The problem:
Give back every entry exactly; drop the pictures.

### Records for the exercise

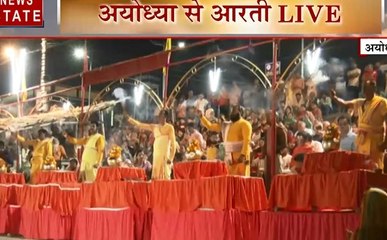 Ayodhya Aarti: अयोध्या के सरयू घाट की सांध्यकालीन आरती का विशेष महत्व, देखें LIVE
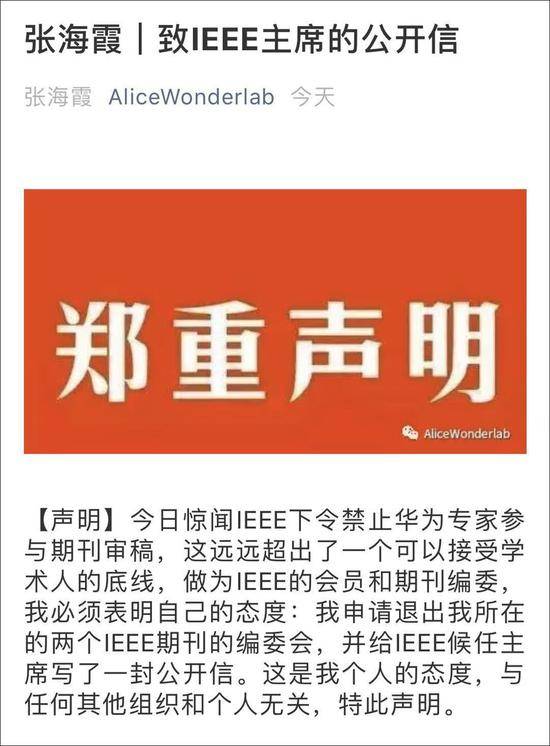 张海霞教授在微信公号上发表的声明截图，她本人也向观察者网确认了该声明的真实性
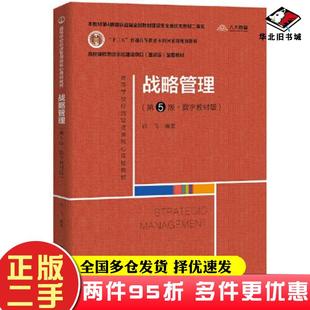 二手书战略管理第五5版数字教材版徐飞中国人民大学出版社9787300306339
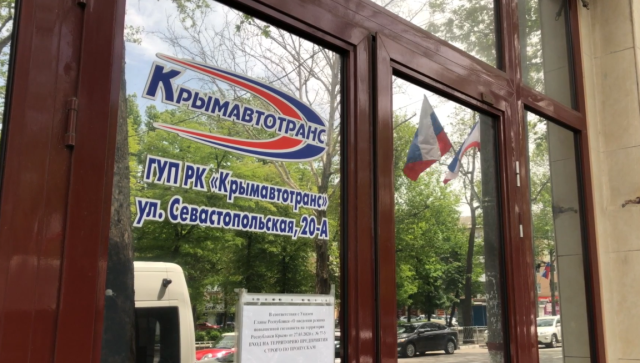 Как задерживали экс-директора «Крымавтотранса» - видео ФСБ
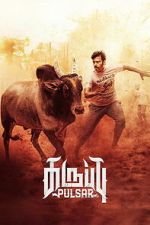 Watch Karuppu Pulsar Freemovieswatch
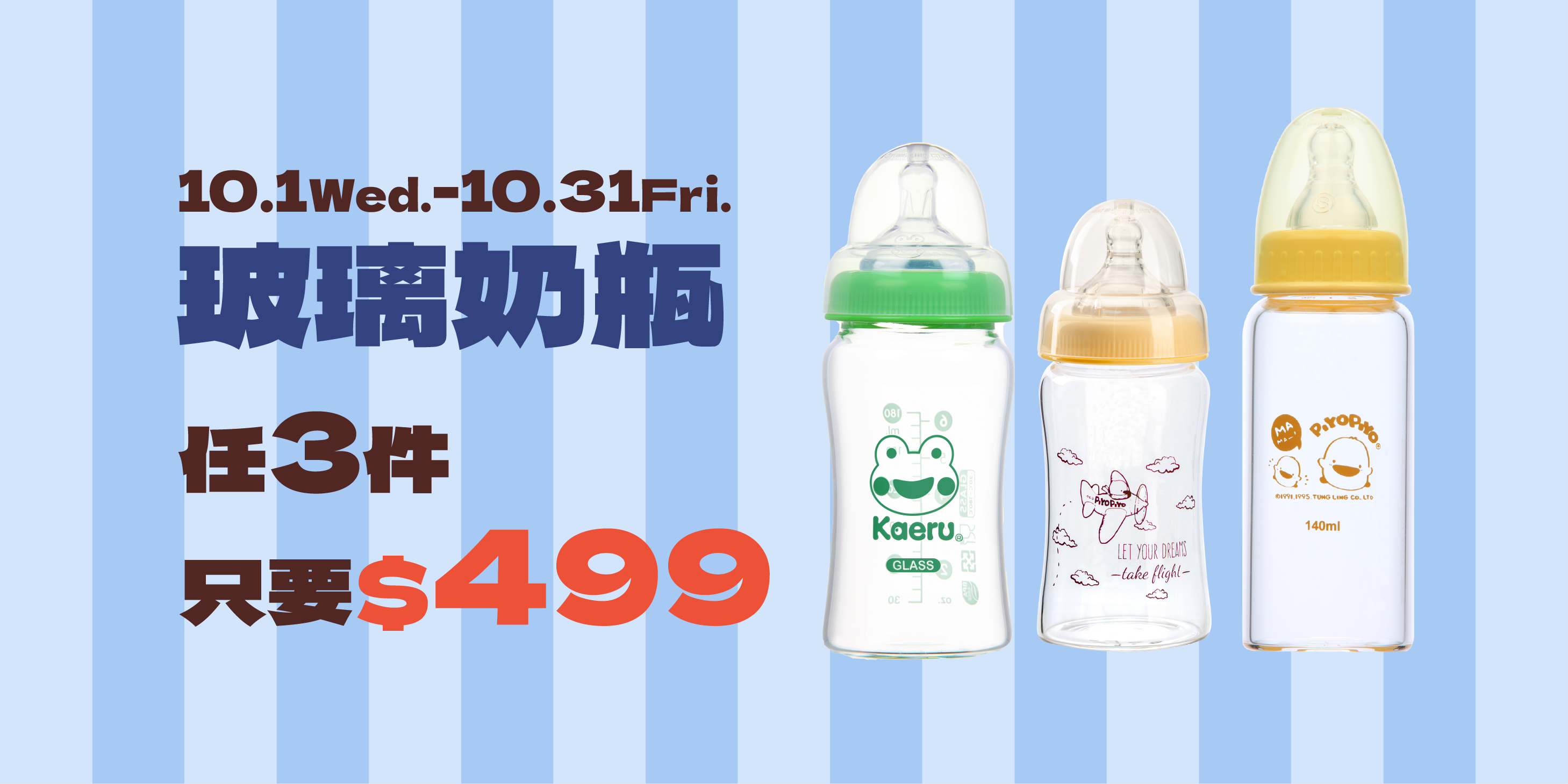 1001-1031 玻璃奶瓶_活動頁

######

Reply:
 Ayodhya Aarti: अयोध्या के सरयू घाट की सांध्यकालीन आरती का विशेष महत्व, देखें LIVE
 张海霞教授在微信公号上发表的声明截图，她本人也向观察者网确认了该声明的真实性
 二手书战略管理第五5版数字教材版徐飞中国人民大学出版社9787300306339
 Как задерживали экс-директора «Крымавтотранса» - видео ФСБ
 Watch Karuppu Pulsar Freemovieswatch
 1001-1031 玻璃奶瓶_活動頁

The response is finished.